■ **DATA SUPPLIED**

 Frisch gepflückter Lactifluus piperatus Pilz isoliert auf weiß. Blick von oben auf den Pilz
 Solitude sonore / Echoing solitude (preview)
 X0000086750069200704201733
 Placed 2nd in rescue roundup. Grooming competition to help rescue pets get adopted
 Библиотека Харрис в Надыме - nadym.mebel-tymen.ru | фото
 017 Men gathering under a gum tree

■ **ASSIGNED TASK**
Your output should match the records above word for word.

■ **ANSWER TO THIS TASK**
 Frisch gepflückter Lactifluus piperatus Pilz isoliert auf weiß. Blick von oben auf den Pilz
 Solitude sonore / Echoing solitude (preview)
 X0000086750069200704201733
 Placed 2nd in rescue roundup. Grooming competition to help rescue pets get adopted
 Библиотека Харрис в Надыме - nadym.mebel-tymen.ru | фото
 017 Men gathering under a gum tree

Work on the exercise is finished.